In Ramsey County District Court, Fitch was also charged in the standoff with police in St. Paul later Wednesday that ended with his arrest. There, he faces three counts of first-degree attempted murder, three counts of dangerous-weapon-drive-by shooting, three counts of second-degree assault and one count of possession of a pistol or assault weapon.
Friday night, Patrick’s wife, Michelle, addressed a large crowd of neighbors, friends and total strangers looking to pay respects. She held back tears and clutched her two daughters as she expressed her gratitude for the outpouring of support.
“You all provide us with the hope that we’ll somehow find a way to eventually climb out of this stunned grief we feel,” she said. “We hear you. We feel you. We really appreciate everything.”
The charges were filed as Patrick’s family firmed up plans for his funeral, to be held at 11 a.m. Wednesday at St. Stephen’s Lutheran Church in West St. Paul. Visitation will be held at the church from 2 to 8 p.m. Tuesday.
Up to 3,000 officers are expected to attend the funeral.
“This is a very difficult time, as it would be for any of us losing a family member so quickly and violently,” said the Rev. Cassie Nault of St. Stephen’s Lutheran Church, where Patrick and his family have been longtime parishioners. “It’s a shock.”
The mourning for Patrick, the most senior member of the Mendota Heights force, began the moment he was cut down on the job. Public memorials at the shooting site and at Mendota Heights City Hall continued to grow and draw visitors over the past three days. At a news conference Friday where authorities discussed the criminal cases against Fitch, officers wore black bands over their badges in a united show of grief.
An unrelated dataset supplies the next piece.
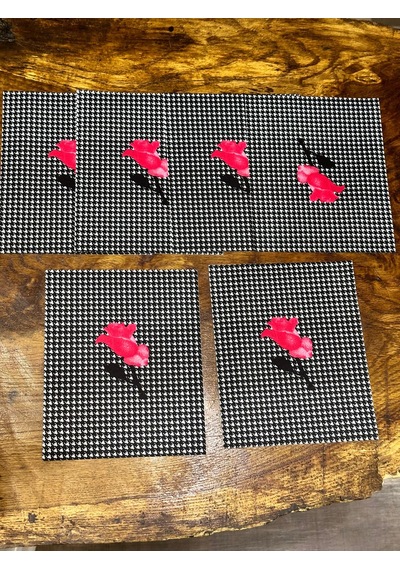 6 Lı Leke Turmaz Çiçekli Ekose Çatal Bıçak Sunum Peçete Kahve Sunum 18x16 Cm Siyah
Dakota County Attorney James Backstrom said at that news conference that he and Ramsey County Attorney John Choi will convene a joint grand jury in the case. Backstrom said the step “is not used often.” Dakota County did it once in the 1990s. This would be the first time for Ramsey County, Backstrom said.
Convening a joint grand jury, made up of citizens from both counties, will allow prosecutors to combine several crimes into a single, joint prosecution, Backstrom said. If a grand jury returns indictments, the Dakota County attorney’s office will lead the case. Both offices would designate a lead prosecutor to work on the case.
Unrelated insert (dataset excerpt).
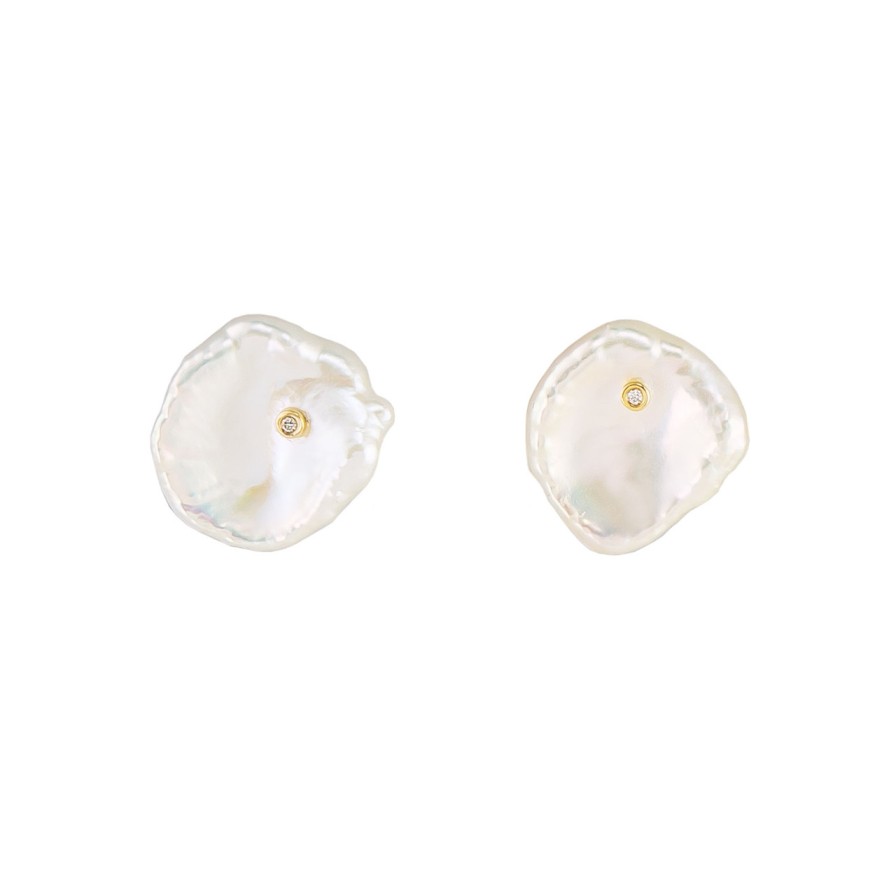 Earrings Tomfoolery London | Diamond Set Keshi Pearl Studs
Asked why Fitch had been free given his lengthy record of committing violent crimes, Backstrom said that his prosecutor asked for prison time for Fitch in a recent Dakota County case, but the judge sentenced him to the 211 days he had served in jail. He then placed him on probation and ordered him to participate in a drug rehabilitation program.
“Hindsight is always 20-20,” Backstrom said. “I can tell you we take violent criminals seriously in our community. … We do our best under oftentimes difficult circumstances.”
The deadly stop
A half-hour before the news conference Friday, Fitch was scheduled to undergo abdominal surgery at Regions Hospital in St. Paul, where he is expected to remain for another week. A woman who was in the SUV with him at the time of the shootout with police also was wounded, and she was taken to Regions with noncritical injuries.
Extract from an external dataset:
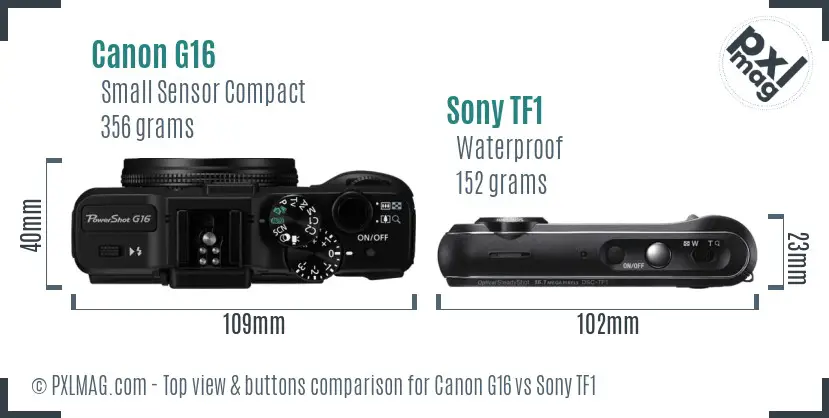 Canon G16 vs Sony TF1 top view buttons comparison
According to the murder charges: Fitch fired at Patrick as the officer approached him during a traffic stop about 12:20 p.m. Wednesday on Dodd Road near Smith Avenue S. in West St. Paul.
When Patrick stopped the car, he wouldn’t have known who was driving it before looking at a driver’s license — something he never got the chance to do, Dakota County Sheriff Dave Bellows said Friday. Quickly obtained license plate information can reveal the car’s registered owner, although the driver may be someone else.